20.5 Capturing and Clustering Parenthesis
Normal
parentheses will both cluster and capture the pattern they contain.
Clustering affects the order of evaluation similar to the way
parentheses affect the order of evaluation within a mathematical
expression. Normally, multiplication has a higher precedence than
addition. The expression "2 + 3 * 4" does the
multiplication first and then the addition, yielding the result of
"14". The expression "(2 + 3) * 4" forces the
addition to occur first, yielding the result of "20".
Clustering
parentheses work in the same fashion.
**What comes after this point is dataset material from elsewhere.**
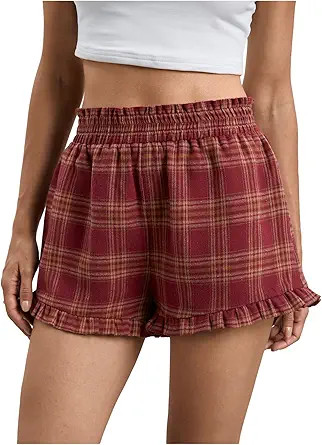MakeMeChic Women's Gingham Ruffle Lounge Shorts Elastic High Waist Pajamas Boxer Shorts | Amazon (US)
The pattern {cats?} will apply
the "?" quantifier to the letter "s", matching
either "cat" or "cats". The pattern {(cats)?}
will apply the "?" quantifier to the entire pattern within
the parentheses, matching "cats" or null string.
20.5.1 $1, $2, $3, etc Capturing parentheses
Clustering
parentheses will also Capture the part of the string that matched the
pattern within parentheses. The captured values are accessible
through some "magical" variables called $1, $2, $3, ...
Each left parenthesis increments the number used to access the
captured string. The left parenthesis are counted from left to right
as they occur within the pattern, starting at 1.
my $test="Firstname: John Lastname:
Smith";
############################################
# $1 $2
$test=~m{Firstname: (\w+) Lastname: (\w+)};
my $first = $1;
my $last = $2;
print "Hello, $first $last\n";
> Hello, John Smith
Because
capturing takes a little extra time to store the captured result into
the $1, $2, … variables, sometimes you just want to cluster
without the overhead of capturing. In the below example, we want to
cluster "day|bye" so that the alternation symbol "|"
will go with "day" or "bye". Without the
clustering parenthesis, the pattern would match "goodday"
or "bye", rather than "goodday" or "goodbye".
The pattern contains capturing parens around the entire pattern, so
we do not need to capture the "day|bye" part of the
pattern, therefore we use cluster-only parentheses.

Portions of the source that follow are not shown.